How to Find Your Proper Head Position in Freestyle and Backstroke
Your head is the key to good posture and more power
Many seasoned Masters swimmers were taught head positions that don’t match up with the current thinking of elite-level swimming. Here are some ways to find your proper head position while doing freestyle and backstroke.
You might have been taught that the waterline should be right at the top of your goggles for a proper head position while doing freestyle. You might’ve been told to “look where you’re going.” But is this head-up position the right way to go, or should you look down?
The answer is: it depends. There are several examples of fast swimmers who keep their head up, with Australian legend Ian Thorpe being just one.
Here’s how to find if a head-up position works for you.
- Head-up/Tarzan drill. This is exactly as advertised. The point of doing this drill is that it reinforces that the higher your head is, the more your hips sink. It definitely affects your speed, energy output, and what your kick does in terms of being propulsive or just keeping your hips up.
- Sky to toes. Start a 25 freestyle looking up as far as you can, and over the course of the length, drop your head slowly until you’re looking at your toes.

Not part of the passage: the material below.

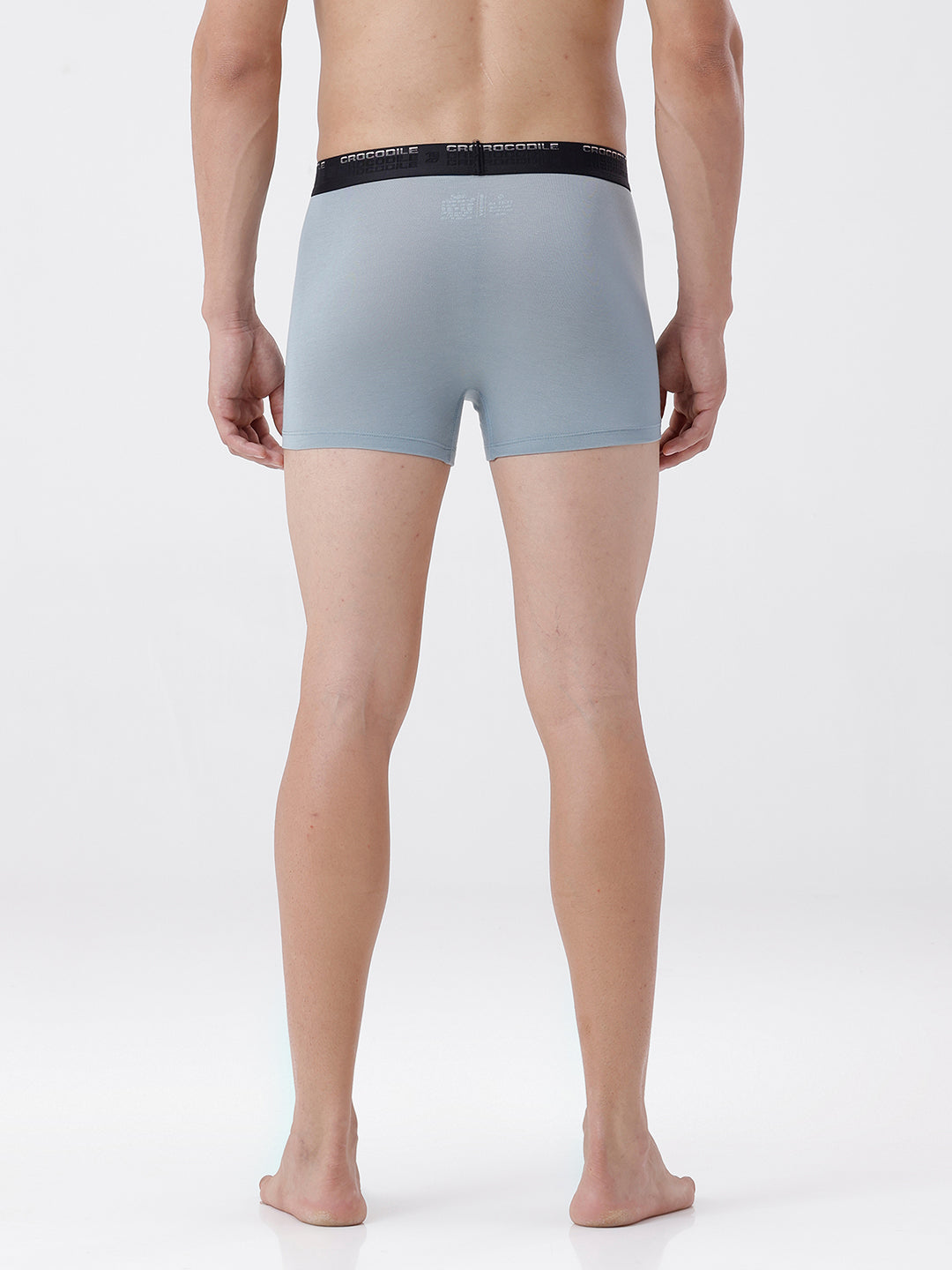 Person wearing light gray boxer briefs with a black waistband on a white background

Obviously, these are two extremes of the head position spectrum, but if you repeat the drill several times, it becomes a little clearer where your best head position is. Keep in mind that what feels “normal” isn’t necessarily what’s best.
- Three-position progression. Pick three head positions based on the previous drill. Now is the time to look at the clock. Go through several repeats of each position for 50 or 100 yards, and make a note of your times. As you get further into it and fatigue a bit, the better position will become a little more obvious. This is a good exercise to do several times over several weeks. When your position changes, so does the strain on muscle groups.
You might have been taught backstroke while floating on your back, just paddling along looking up at the sky, and kicking your feet, and either enjoying all the breathing or being annoyed by all the water splashing onto your face.
But here, too, is an opportunity to experiment with some newer ideas that may be different from what you’ve learned.
- Spin/Sit up drill. This is similar to the head-up/Tarzan drill. Sit in the water with your head all the way out of the water, and spin your arms through the stroke cycle. This takes a lot of energy and is a pretty ballistic drill, so you should maybe only do 12½ yards of it to get the feedback.
- Wall to toes. This is similar to the sky-to-toes drill above. Swim a 25 backstroke, starting by looking at the wall behind you and then slowly bring your chin toward your chest until you’re looking at your toes. As before, do this several times over 25 yards. Also, as before, these are opposite ends of the spectrum. You should land somewhere in the middle of the spectrum, not at an extreme.
- Three-position progression. Again, this is like the freestyle drill above. Try your three head positions over several distances and several times. Also keep in mind that what feels “normal” isn’t always going to lead to your best swimming.
Good News and Bad News
First, the bad news. Change is hard. When you change from what’s always worked, you risk going through a regression. You have to decide whether to give up on the change or give it a chance to take hold and take you to the next level. That’s something only you can decide.
The good news is that Masters swimming isn’t going away anytime soon. If your change ends up being a total disaster, you’ll have a chance to go back to the drawing board and try something else, armed with the knowledge of what doesn’t work for you.
Trying something new also prevents swimming from getting boring. You can always work on something. Failure is an option because, very often, it’s what leads us to great success. To paraphrase the legendary late basketball coach John Wooden, failure isn’t fatal, but the failure to change might be.